For a good few years, Honeyfeet has been a conduit for the ideas and expressions of an exotic mixture of Manchester based musicians. Jazz? Yes, some of that! Folk? Stick that in there! Hip-hop? I thought you’d never ask! Someone once called it Folk-Hop and Barrelhouse-pop, and that’s just vague enough to make sense.
It helps that they are fronted by Ríoghnach Connolly, Real World’s newest signing and “a remarkable singer and flautist who can ease from Irish traditional influences to soul” (The Guardian).
This extraordinary band’s debut single for Wah Wah 45s, Sinner, was originally affectionately known as Boingy Squelch, after the unconventional sounds trombonist Biff Roxby used in his early demos. Ríoghnach conveys the story of a woman who never intends on staying at home “chained to the sink” – “I may be a sinner, but I’m not a slave”. In that way, the song is a rejection of outdated, traditional roles.

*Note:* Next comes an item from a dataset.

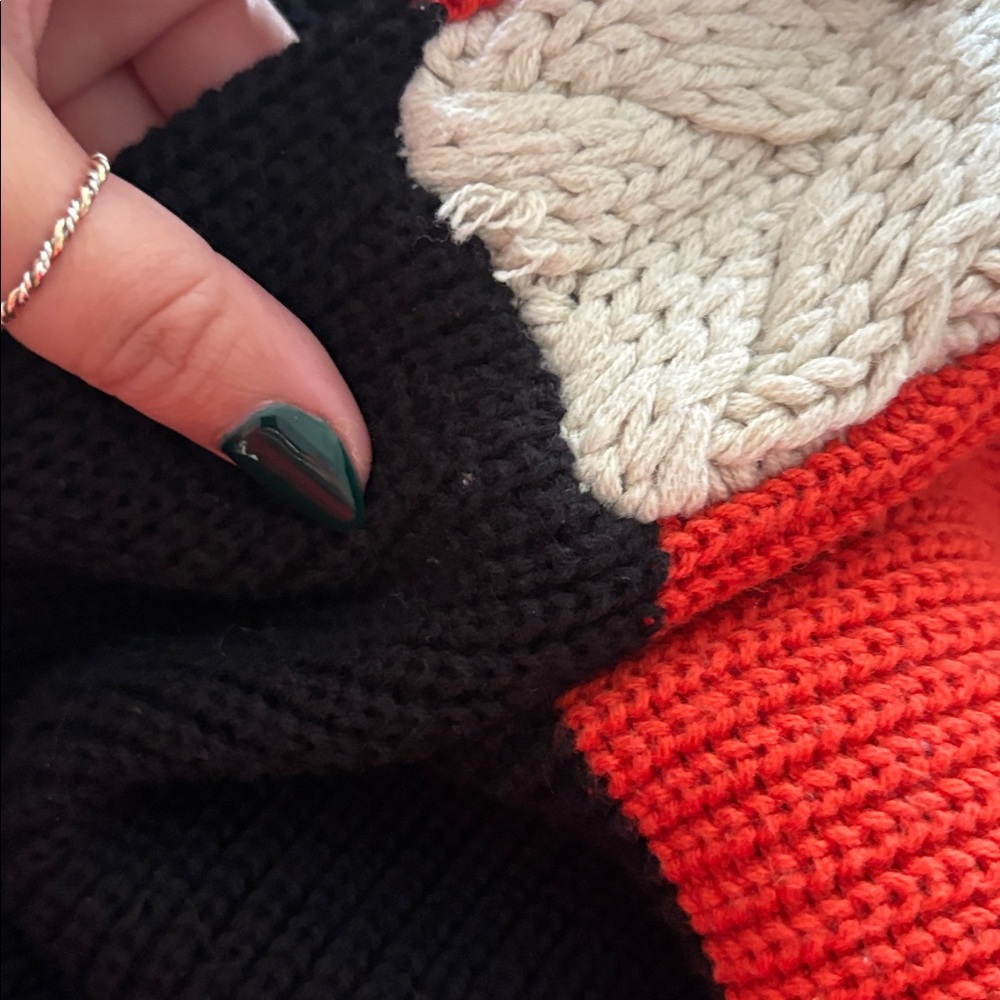 Moon & Madison Color Block Textured Sweater - Picture 5 of 5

Since their previous album, 2013’s It’s a Good Job I Love You, keyboardist John Ellis jumped on board as full-time member, bringing his unique musical presence. This enabled the development of a more texturally adventurous style, as witnessed with the dual atonal solo between himself and guitarist Ellis Davies on Sinner. Similarly, for their next LP, Orange Whip, engineer, bassist and spiritual guide Lorien Edwards makes his Honeyfeet recording debut, so completing the “kitchen” of this very special band.